• [The task] Each line from the opening of the records that follow to the line with "Руски порцелан статуетка Дулево" needs to be written out exactly. Add nothing.

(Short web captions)

==*==

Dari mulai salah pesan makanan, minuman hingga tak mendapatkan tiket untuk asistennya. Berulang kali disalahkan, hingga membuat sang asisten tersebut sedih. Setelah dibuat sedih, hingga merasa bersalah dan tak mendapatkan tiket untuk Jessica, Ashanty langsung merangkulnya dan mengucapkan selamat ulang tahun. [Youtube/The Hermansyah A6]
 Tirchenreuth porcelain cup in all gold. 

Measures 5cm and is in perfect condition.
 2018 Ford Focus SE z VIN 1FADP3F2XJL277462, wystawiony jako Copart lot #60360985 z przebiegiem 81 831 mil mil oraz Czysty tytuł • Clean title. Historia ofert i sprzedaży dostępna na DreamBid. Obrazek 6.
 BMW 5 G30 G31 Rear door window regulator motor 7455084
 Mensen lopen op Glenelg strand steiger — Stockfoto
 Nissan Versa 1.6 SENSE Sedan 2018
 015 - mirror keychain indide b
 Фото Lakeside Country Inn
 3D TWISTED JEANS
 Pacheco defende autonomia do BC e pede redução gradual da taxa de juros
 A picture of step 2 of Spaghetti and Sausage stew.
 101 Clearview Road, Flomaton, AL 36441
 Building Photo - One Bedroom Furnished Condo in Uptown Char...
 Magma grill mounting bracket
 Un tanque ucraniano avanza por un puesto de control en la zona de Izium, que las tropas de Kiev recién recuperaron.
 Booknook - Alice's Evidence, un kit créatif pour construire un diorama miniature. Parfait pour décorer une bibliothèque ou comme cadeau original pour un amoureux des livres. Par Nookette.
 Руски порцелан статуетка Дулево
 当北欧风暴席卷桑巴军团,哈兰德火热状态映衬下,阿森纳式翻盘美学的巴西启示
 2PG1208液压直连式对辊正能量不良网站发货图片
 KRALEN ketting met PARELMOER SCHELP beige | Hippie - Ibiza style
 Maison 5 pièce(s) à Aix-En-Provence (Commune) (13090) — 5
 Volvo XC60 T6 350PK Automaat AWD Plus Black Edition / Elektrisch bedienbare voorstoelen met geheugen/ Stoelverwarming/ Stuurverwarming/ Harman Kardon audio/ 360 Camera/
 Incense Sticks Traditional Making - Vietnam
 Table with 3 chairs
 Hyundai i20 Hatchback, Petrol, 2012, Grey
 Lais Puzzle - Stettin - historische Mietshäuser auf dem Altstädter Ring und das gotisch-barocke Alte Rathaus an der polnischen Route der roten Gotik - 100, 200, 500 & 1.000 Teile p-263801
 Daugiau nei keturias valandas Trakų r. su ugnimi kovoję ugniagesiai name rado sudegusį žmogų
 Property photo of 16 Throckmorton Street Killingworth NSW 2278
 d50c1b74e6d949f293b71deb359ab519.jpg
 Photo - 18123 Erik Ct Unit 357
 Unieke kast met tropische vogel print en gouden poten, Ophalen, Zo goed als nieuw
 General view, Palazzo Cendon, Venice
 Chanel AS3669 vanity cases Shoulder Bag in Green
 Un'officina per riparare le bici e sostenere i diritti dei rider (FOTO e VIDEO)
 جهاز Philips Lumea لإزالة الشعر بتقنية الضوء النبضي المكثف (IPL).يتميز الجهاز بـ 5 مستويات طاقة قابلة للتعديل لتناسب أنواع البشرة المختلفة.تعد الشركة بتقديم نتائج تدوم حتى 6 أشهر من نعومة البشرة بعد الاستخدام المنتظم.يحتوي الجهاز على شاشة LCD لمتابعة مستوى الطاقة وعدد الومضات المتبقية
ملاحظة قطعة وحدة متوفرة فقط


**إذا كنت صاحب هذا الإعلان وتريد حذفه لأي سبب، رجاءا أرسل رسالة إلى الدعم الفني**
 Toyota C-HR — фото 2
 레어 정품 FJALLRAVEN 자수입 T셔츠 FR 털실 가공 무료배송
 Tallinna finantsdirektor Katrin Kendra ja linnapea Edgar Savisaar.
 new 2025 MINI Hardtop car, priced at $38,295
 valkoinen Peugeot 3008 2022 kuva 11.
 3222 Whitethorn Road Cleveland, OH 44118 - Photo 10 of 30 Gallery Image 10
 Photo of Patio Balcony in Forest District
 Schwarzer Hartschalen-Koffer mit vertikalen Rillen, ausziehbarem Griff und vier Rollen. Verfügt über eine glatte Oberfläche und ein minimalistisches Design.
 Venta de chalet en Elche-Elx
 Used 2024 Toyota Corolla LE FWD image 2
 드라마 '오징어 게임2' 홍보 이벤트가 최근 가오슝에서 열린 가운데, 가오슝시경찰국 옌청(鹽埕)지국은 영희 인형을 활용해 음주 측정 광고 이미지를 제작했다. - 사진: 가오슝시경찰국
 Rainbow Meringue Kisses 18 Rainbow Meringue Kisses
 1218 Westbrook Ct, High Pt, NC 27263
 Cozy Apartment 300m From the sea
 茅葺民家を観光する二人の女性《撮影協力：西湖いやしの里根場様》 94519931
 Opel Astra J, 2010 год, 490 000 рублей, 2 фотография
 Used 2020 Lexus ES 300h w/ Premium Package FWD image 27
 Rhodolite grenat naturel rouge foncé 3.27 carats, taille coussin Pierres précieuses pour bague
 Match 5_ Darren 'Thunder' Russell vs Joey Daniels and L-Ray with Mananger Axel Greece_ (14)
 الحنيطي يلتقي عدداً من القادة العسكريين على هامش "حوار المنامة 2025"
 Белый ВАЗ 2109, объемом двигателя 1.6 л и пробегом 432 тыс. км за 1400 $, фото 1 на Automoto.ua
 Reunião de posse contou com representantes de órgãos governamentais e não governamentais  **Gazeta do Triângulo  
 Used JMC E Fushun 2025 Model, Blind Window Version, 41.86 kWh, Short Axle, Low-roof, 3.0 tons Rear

==*==

• [Answer to this exercise]
Dari mulai salah pesan makanan, minuman hingga tak mendapatkan tiket untuk asistennya. Berulang kali disalahkan, hingga membuat sang asisten tersebut sedih. Setelah dibuat sedih, hingga merasa bersalah dan tak mendapatkan tiket untuk Jessica, Ashanty langsung merangkulnya dan mengucapkan selamat ulang tahun. [Youtube/The Hermansyah A6]
 Tirchenreuth porcelain cup in all gold. 

Measures 5cm and is in perfect condition.
 2018 Ford Focus SE z VIN 1FADP3F2XJL277462, wystawiony jako Copart lot #60360985 z przebiegiem 81 831 mil mil oraz Czysty tytuł • Clean title. Historia ofert i sprzedaży dostępna na DreamBid. Obrazek 6.
 BMW 5 G30 G31 Rear door window regulator motor 7455084
 Mensen lopen op Glenelg strand steiger — Stockfoto
 Nissan Versa 1.6 SENSE Sedan 2018
 015 - mirror keychain indide b
 Фото Lakeside Country Inn
 3D TWISTED JEANS
 Pacheco defende autonomia do BC e pede redução gradual da taxa de juros
 A picture of step 2 of Spaghetti and Sausage stew.
 101 Clearview Road, Flomaton, AL 36441
 Building Photo - One Bedroom Furnished Condo in Uptown Char...
 Magma grill mounting bracket
 Un tanque ucraniano avanza por un puesto de control en la zona de Izium, que las tropas de Kiev recién recuperaron.
 Booknook - Alice's Evidence, un kit créatif pour construire un diorama miniature. Parfait pour décorer une bibliothèque ou comme cadeau original pour un amoureux des livres. Par Nookette.
 Руски порцелан статуетка Дулево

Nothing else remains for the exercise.